◆ EXERCISE GOAL ◆
The listing below holds a line with "bitcoin logosu ve" and a line with "2010 Lexus IS". Reproduce those two lines exactly, plus everything between them.

━━━ INFORMATION GIVEN

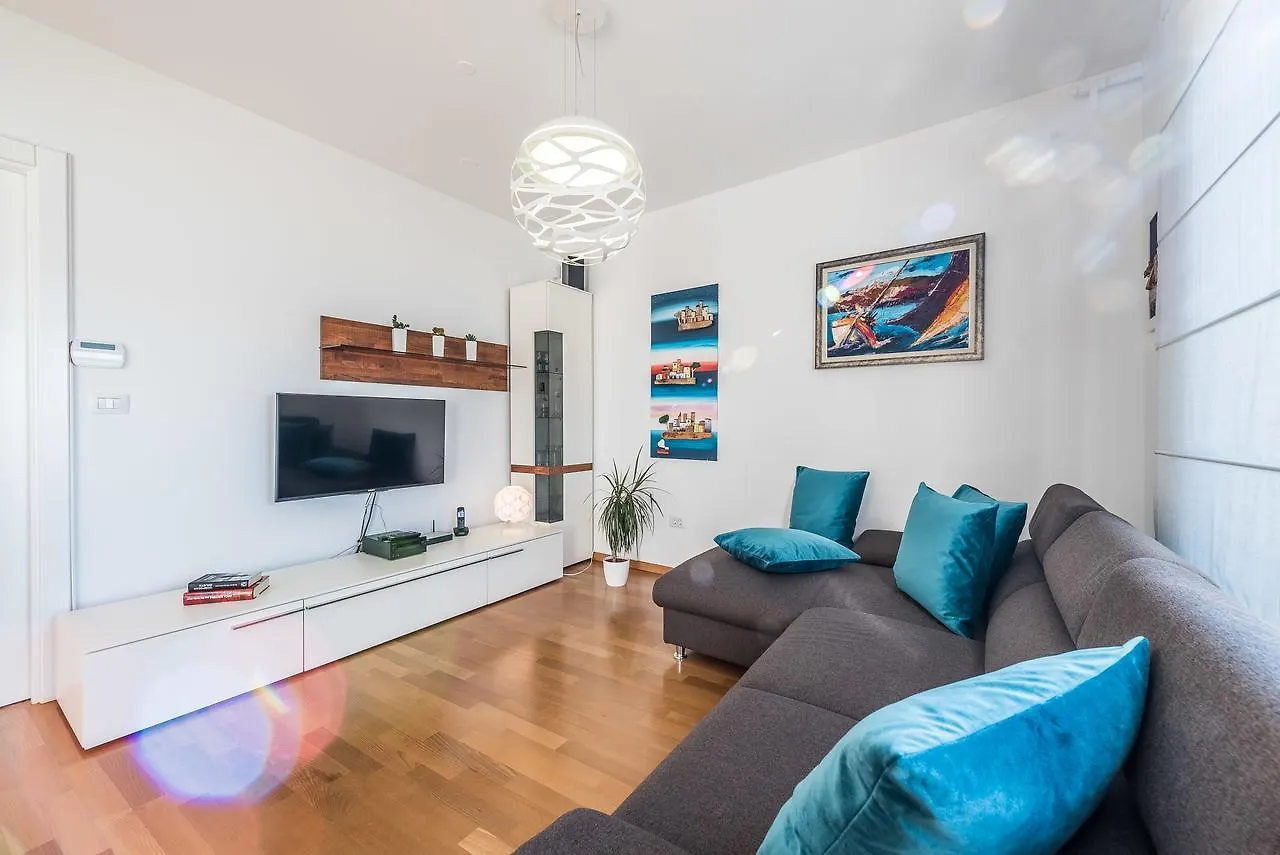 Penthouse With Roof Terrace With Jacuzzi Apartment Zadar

━━━━━━
━━━ INFORMATION GIVEN

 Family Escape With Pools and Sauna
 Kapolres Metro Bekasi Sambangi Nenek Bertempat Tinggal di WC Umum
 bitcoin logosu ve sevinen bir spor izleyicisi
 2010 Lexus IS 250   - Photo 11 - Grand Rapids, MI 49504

━━━━━━

◆ EXPECTED ANSWER ◆
 bitcoin logosu ve sevinen bir spor izleyicisi
 2010 Lexus IS 250   - Photo 11 - Grand Rapids, MI 49504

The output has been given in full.